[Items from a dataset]
'''

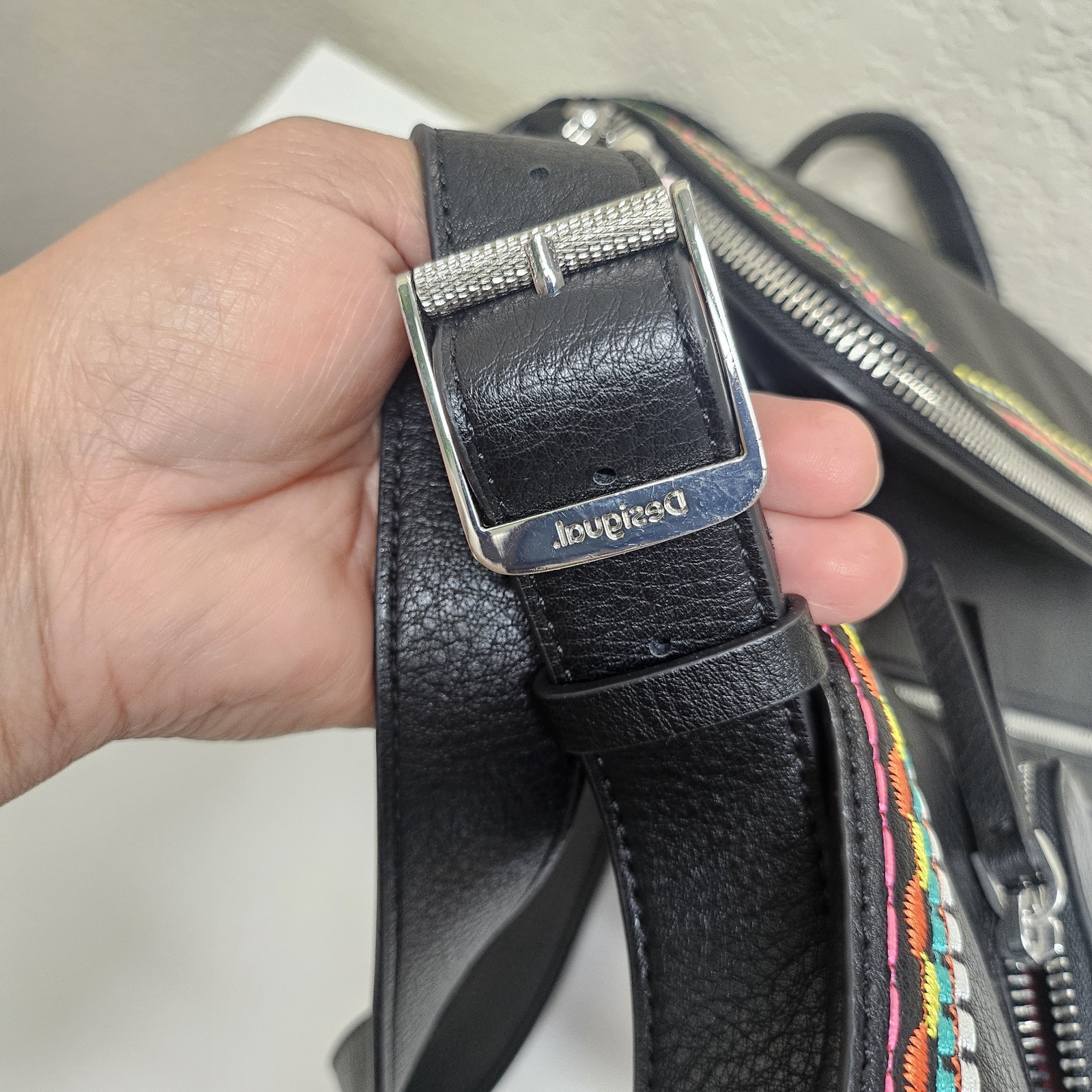 Midsize backpack,multicoloured embroidery,magnetic flap closure, zip, pockets.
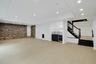 The extraordinary walk-out lower level offers exceptional space for recreation and entertaining, featuring a built-in kitchenette with bar sink and be
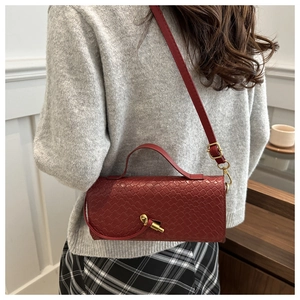 Détail du sac à main en cuir tressé rouge avec fermoir rotatif en nœud doré élégant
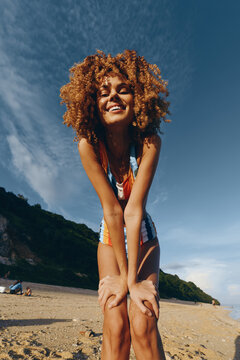 Young woman with curly hair in a colorful swimsuit smiles at the camera on a sunny beach, leaning forward with hands on her knees and a warm glow.
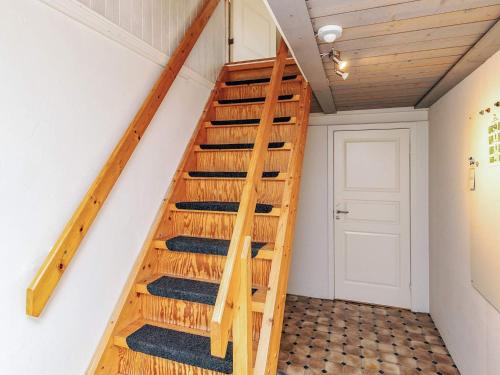 a staircase in a tiny home with wooden rails at 6 person holiday home in Thisted in Thisted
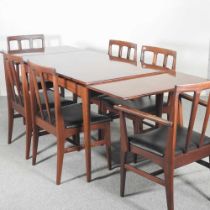 A mid 20th century Danish style hardwood extending dining table, together with a set of six dining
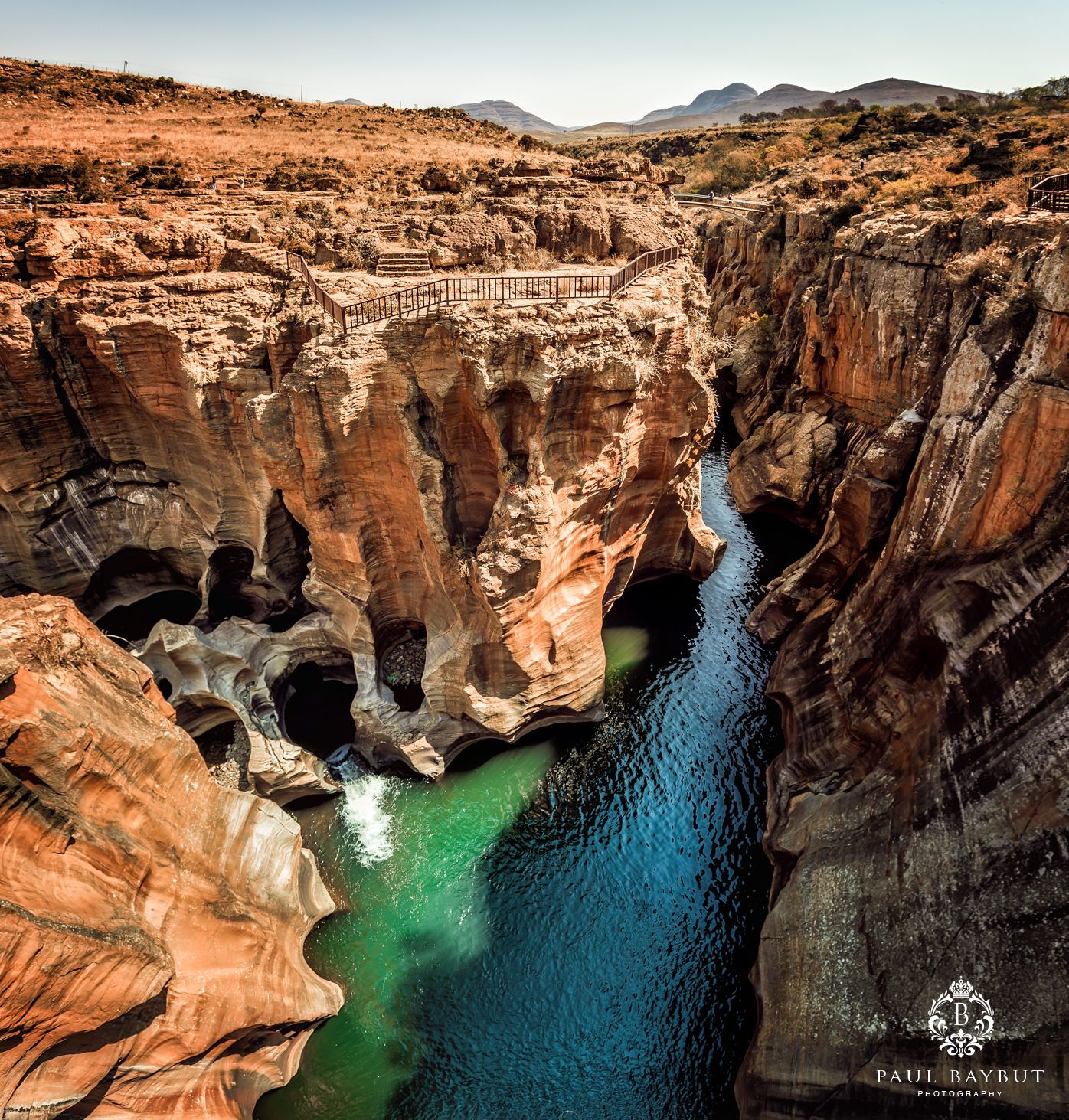 Dramatic canyon landscape with turquoise water flowing between red rock cliffs and curved formations.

'''

• [Your assignment]: Would you output the data exactly, without any of its images?

• [Reply]:
 Midsize backpack,multicoloured embroidery,magnetic flap closure, zip, pockets.
 The extraordinary walk-out lower level offers exceptional space for recreation and entertaining, featuring a built-in kitchenette with bar sink and be
 Détail du sac à main en cuir tressé rouge avec fermoir rotatif en nœud doré élégant
 Young woman with curly hair in a colorful swimsuit smiles at the camera on a sunny beach, leaning forward with hands on her knees and a warm glow.
 a staircase in a tiny home with wooden rails at 6 person holiday home in Thisted in Thisted
 A mid 20th century Danish style hardwood extending dining table, together with a set of six dining
 Dramatic canyon landscape with turquoise water flowing between red rock cliffs and curved formations.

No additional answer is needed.